A: The cost of living in Tokyo, Japan, is considered high by most standards. As a student at St. Luke’s International Hospital you are allowed to eat in the employee’s cafeteria, with meals costing on average ¥400-¥500. If you plan to withdraw money in Japan, please check your main bank in advance if your ATM card is available with these ATMs. Our hospital placed two ATMs in the hospital.

* Bank of Tokyo-Mitsubishi UFJ: http://www.bk.mufg.jp/english/index.html

* Shinsei Bank: http://www.shinseibank.com/english/index.html

ATM of JAPAN POST NETWORK is also available on the first floor of St. Luke's Tower next to the hospital. : http://www.jp-bank.japanpost.jp/en/ias/en_ias_index.html

In addition, exchange money is available at world currency shops in many shopping areas. For details, please refer to the website below.

* World currency shop: http://www.tokyo-card.co.jp/shop/wcs-shop-e.html




  1. Will my cell phone work in Japan?

A: Most mobile phones from other countries do not work in Japan. Contact your local mobile service provider to check if yours will work. Mobile phone rentals are available at Narita airport or websites below.

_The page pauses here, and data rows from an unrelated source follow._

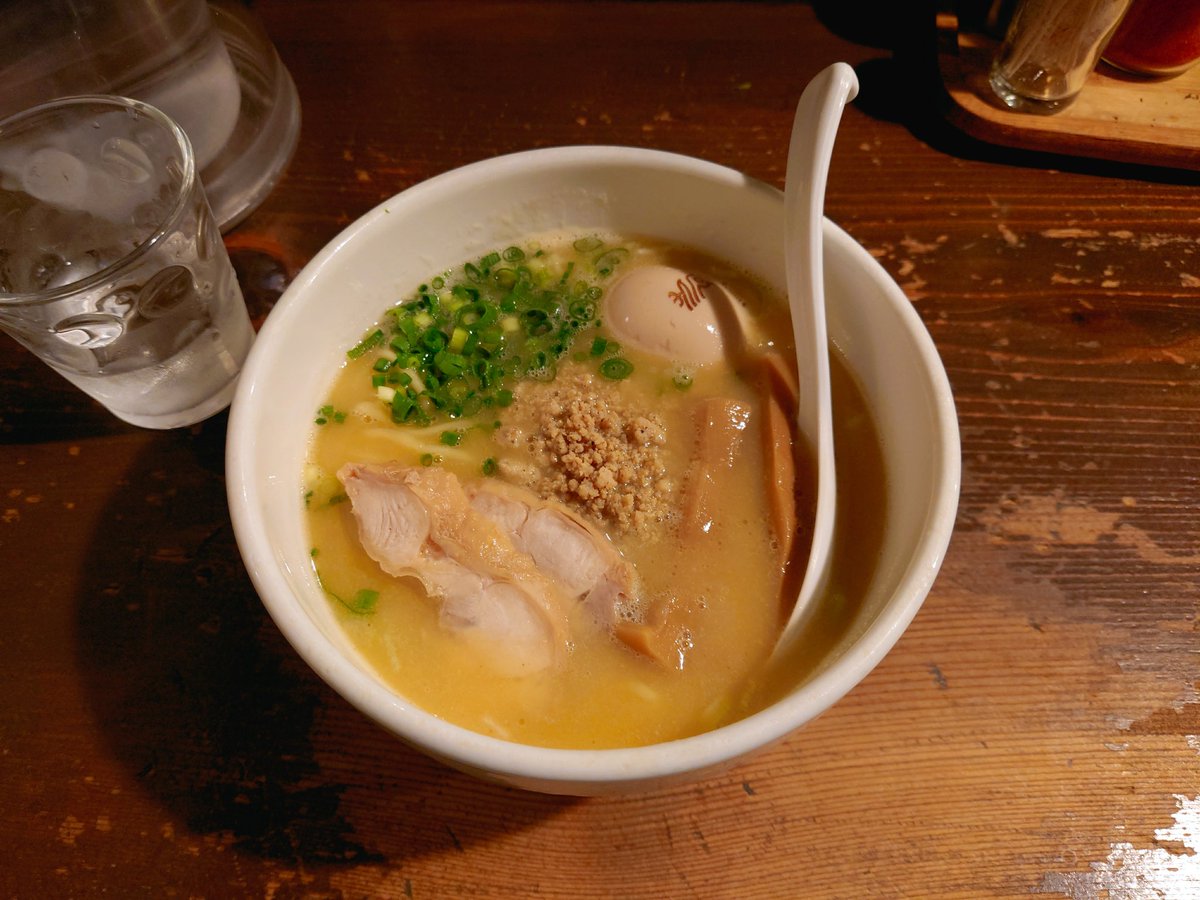 えーすけ tweet media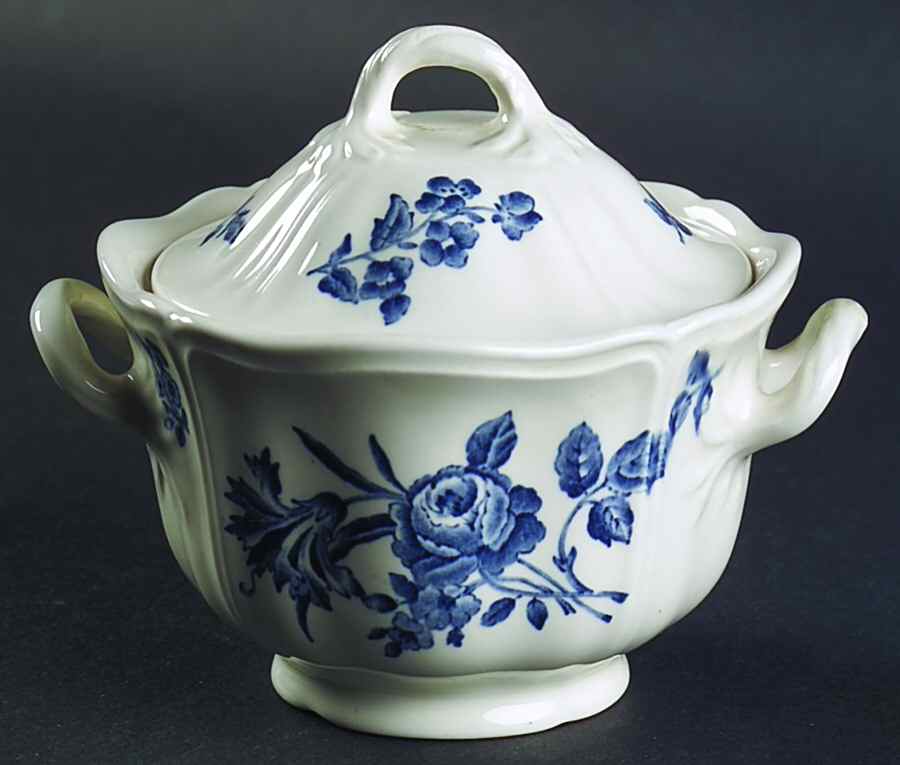 Ludlow Sugar Bowl & Lid by Wedgwood-1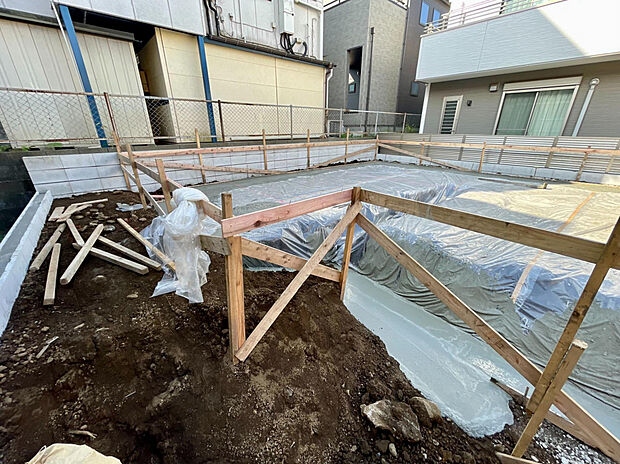 【【外観】　建築中　11.8現在】コンビニ2件が徒歩8分圏内。スーパーやドラッグストアは徒歩15分圏内。お買い物にも便利な立地です。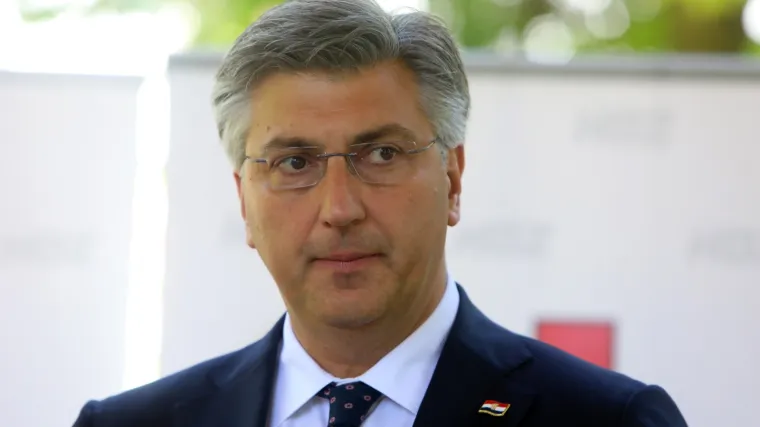 Plenković ponovno proziva Milanovića: 'U kampanji je obi&scaron;ao vi&scaron;e SDP-ovih džepova nego sam ja bio na terenu. Je li to bilo slučajno?'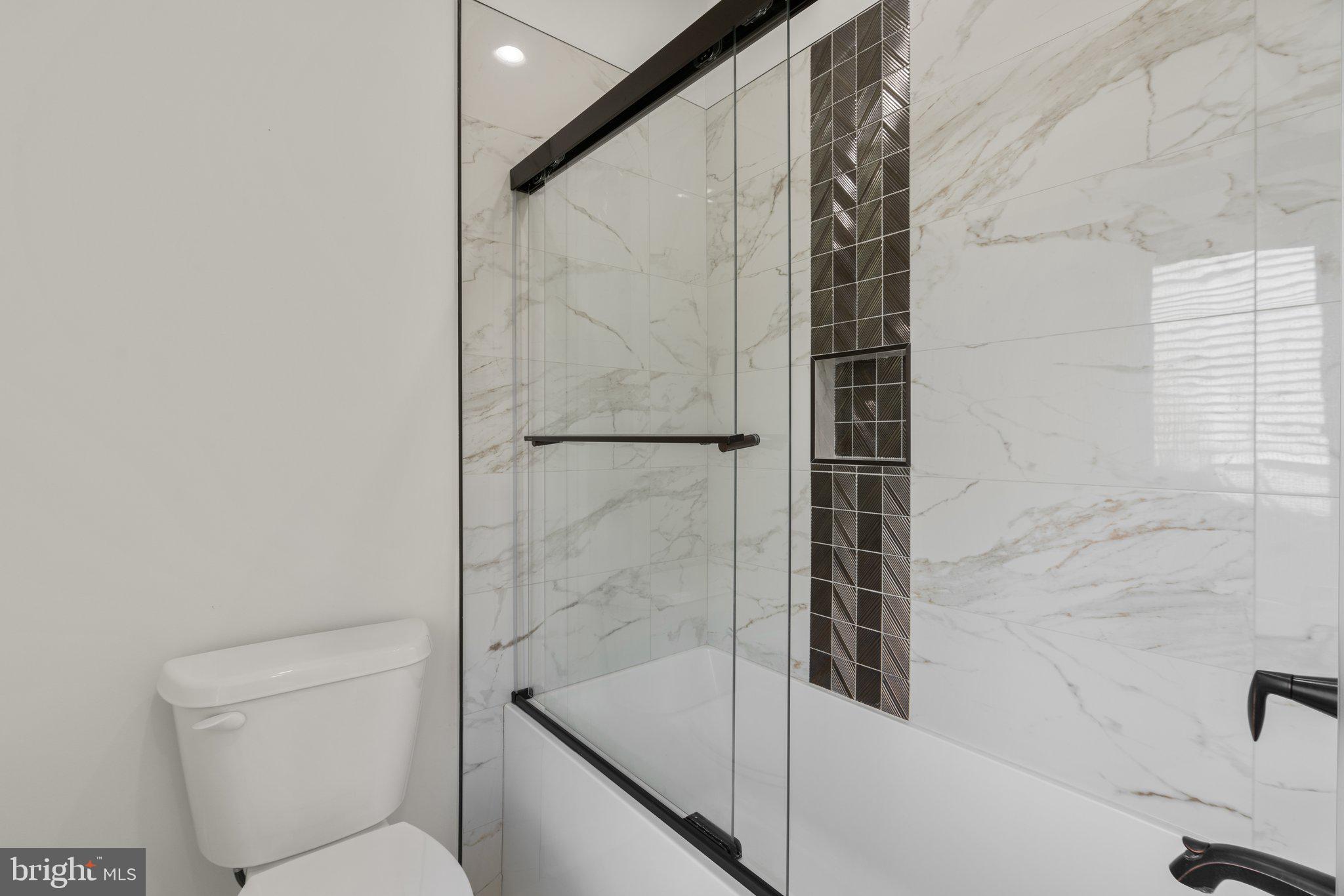 LAKEWOOD ESTATES - Residential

* Rentafone Japan: http://www.rentafonejapan.com/

* Japan Phone: http://www.cellularabroad.com/japancellphone.html
You will be issued a PHS phone that works within the hospital to call or receive calls from hospital extensions.


  1. When should I arrive?

A: You will be expected at the hospital by 9:00AM on Monday of the first day. Please arrive to Japan in time to be well rested for your first day.


  1. How much free time will I have to explore Japan?

A: Depending on which clinical departments you have chosen, you can expect to spend 8-10 hours per day in the hospital, Monday through Friday. During weekends you are encouraged to further explore the wonderful city and country you are in !


  1. Super market/convenience store/glossary store/dry cleaning

A: We will give you a map at the time of orientation.